Hashes and Signatures

Although I said above we don’t use the TPM for doing hashes, the TPM2_Sign() routines insist on knowing which hash they’re signing. For ECDSA signatures, this is irrelevant, since the hash type plays no part in the signature (it’s always truncated to key length and converted to a bignum) but for RSA the ASN.1 form of the hash description is part of the toBeSigned data. The problem now is that early TPM2’s only had two hash algorithms (sha1 and sha256) and the engine wanted to be able to use larger hash sizes. The solution was actually easy: lie about the hash size for ECDSA, so always give the hash that’s the width of the key (sha256 for NIST P-256 and sha384 for NIST P-384) and left truncate the passed in hash if larger or left zero pad if smaller.

For RSA, the problem is more acute, since TPM2_Sign() actually takes a raw digest and adds the hash description but the engine code sends down the fully described hash which merely needs to be padded if PKCS1 (PSS data is fully padded when sent down) and encrypted with the private key. The solution to this taken years ago was not to bother with TPM2_Sign() at all for RSA keys but instead to do a Decrypt operation1. This also means that TPM RSA engine keys are marked as decryption keys, not signing keys.

The Engine Itself

Given that the TPM is really only guarding the private keys, it only makes sense to substitute engine functions for the private key operations. Although the TPM can do public key operations, the core OpenSSL routines do them much faster and no information is leaked about the private key by doing them through OpenSSL, so Engine keys were constructed from standard OpenSSL keys by substituting a couple of private key methods from the underlying key types. One thing Engines were really bad at was passing additional parameters at key creation time and doing key wrapping. The result is that most Engines already have a separate tool to create engine keys (create_tpm2_key for the TPM2 engine) because complex arguments are needed for TPM specific things like key policy.

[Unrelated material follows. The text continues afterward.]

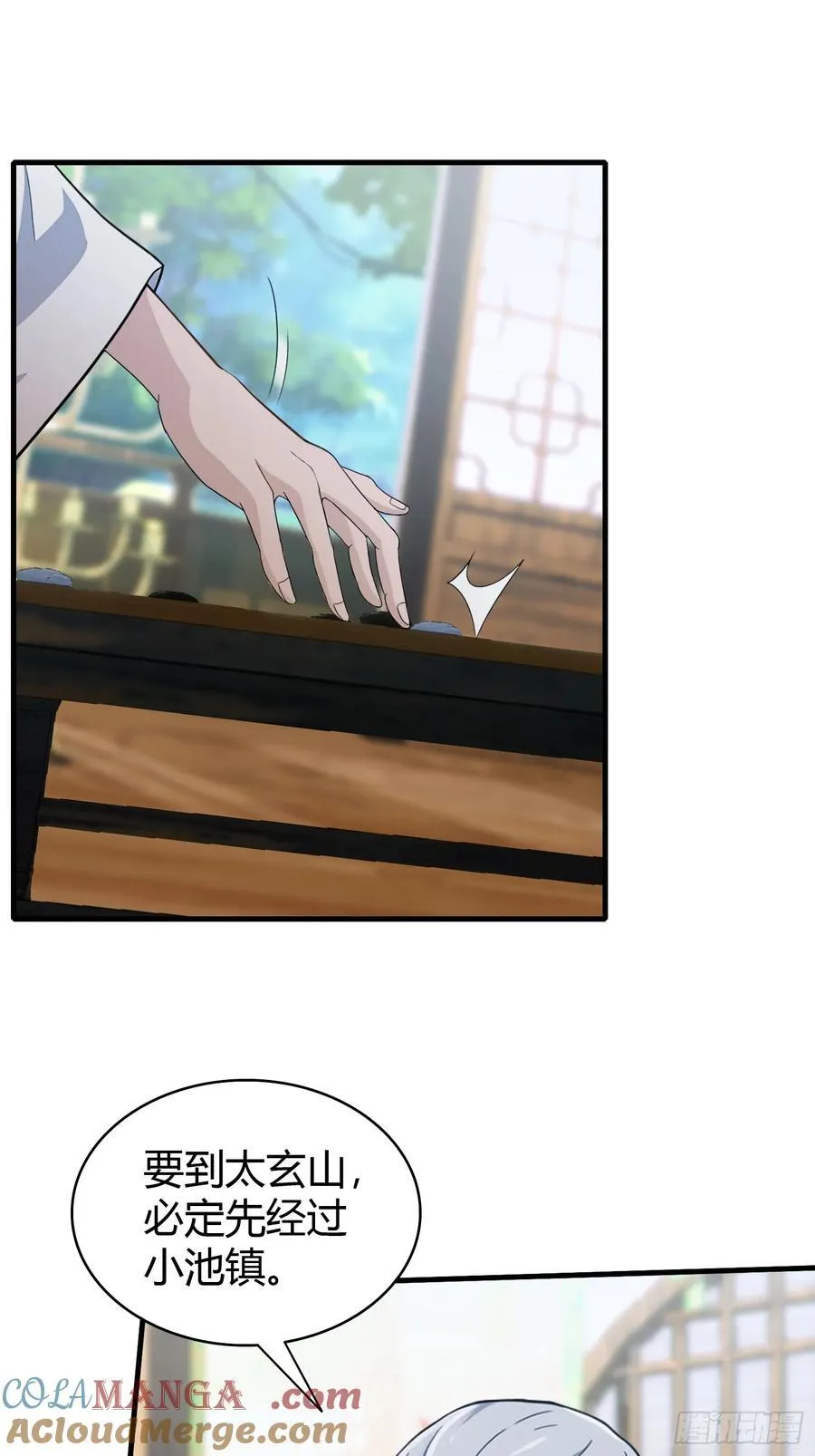 第96话 妖尊入侵，中州危矣？ 第40页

TPM keys are really both public and private keys combined and the public part of the key can be accessed without a password (unlike OpenSSL keys) or even access to the TPM that created the key. However, the engine code doesn’t usually know when only the public part of the key will be required and password prompting is done in OpenSSL at key loading (the TPM doesn’t need a password until key use), so usually after a TPM key is created, the public key is also separately derived using a pkey operation and used as a normal public key.

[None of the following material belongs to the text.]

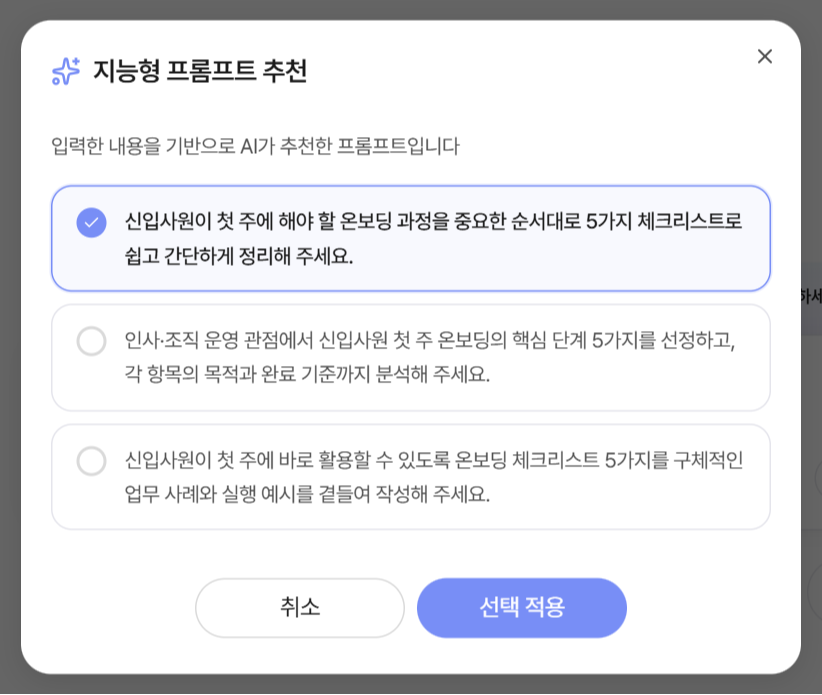 지능형 프롬프트 추천 팝업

The final, and most problematic Engine feature, is key loading. Engine keys must be loaded using a special API (ENGINE_load_private_key). OpenSSL built in applications require you to specify the key type (-keyform option) but most well written OpenSSL applications simply try loading the PEM key first, then the DER key then the Engine key (since they all have different APIs), but frequently the Engine key is forgotten leading to the application having to be patched if you want to use them with any engine.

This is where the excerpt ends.